Hooked on CMS?
Break the Habit with These Sleep Market Hot Spots
- By Elisha Bury
- Nov 01, 2008
Fact: More than 75 percent of equipment for obstructive sleep apnea (OSA) is not reimbursed by the Centers for Medicare & Medicaid Services (CMS). So, if you’re a provider fretting about the 9.5-percent cuts to CPAPs and the uncertainty with the new local coverage determinations (LCDs), fear not. The sleep market, which continues to grow as more people are diagnosed with OSA, has ample opportunities that do not rely on CMS for reimbursement.
Home Sleep Testing
If you think home sleep testing opportunities are dead in the water thanks to the LCDs that prohibited provider involvement, think again. Helen Kent, BS, RRT, respiratory care practitioner and owner of Progressive Medical in Carlsbad, Calif., says that home sleep testing (HST) has helped her business thrive in the San Diego area for several years.
With approximately 80 million people undiagnosed and most of those people below the Medicare age, Kent is reaching out to end-users with private insurance that currently pays for home sleep testing.
To accomplish this, Kent works closely with independent physician associations, such as Scripps Mercy in San Diego, which are groups of physicians that work under one umbrella and get a fee per patient from large health insurance companies, such as Aetna or Cigna. “Their goal is to go out and negotiate with companies like us, so that we can be there for their sleep,” she explains.
In fact, Kent won’t touch Medicare patients. “If they have Medicare, we do not treat them in the home (with home sleep testing),” she says. “We facilitate them. In other words, we give them to our favorite sleep labs.” Kent explains that the Medicare population often has co-morbidities and takes many medications that would make them candidates for attended sleep studies vs. home sleep testing.
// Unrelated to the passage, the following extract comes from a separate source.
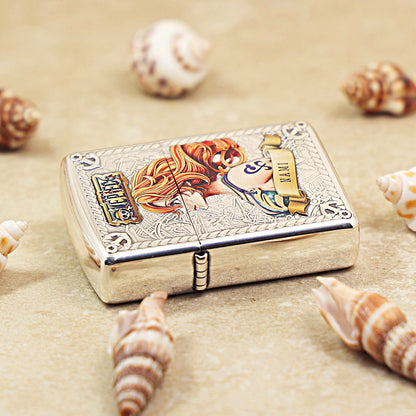 Zippo 3D Relief Embossed Silver-Plated Metal Nami-One Piece 162-DS226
In addition, Kent says large employer groups have shown a keen interest in screening for sleep apnea. Progressive Medical, in turn, targets employers with more than 100 employees and provides a simple questionnaire to screen patients for sleep apnea. Those at risk undergo a home sleep test and are then treated for sleep apnea, if necessary. She says this is especially successful with companies such as limousine services. “You do drug testing; why wouldn’t you do sleep testing (or) a sleep questionnaire?” Kent asks. “After all, they do hold liability if that employee has an accident. I don’t care what it’s caused by. So, in those situations, employer groups are paying us to test them once they screen positive.”
The Trucking Industry
If large employer groups sound like a good way to go, then you can’t overlook the largest employer groups of all: fleet operators in the trucking industry. Some important factors — including a sedentary lifestyle and economic incentives for working long hours — put this group at a higher than normal risk for OSA, says Vince Jenness, clinical coordinator, the VGM Group’s Nationwide Respiratory.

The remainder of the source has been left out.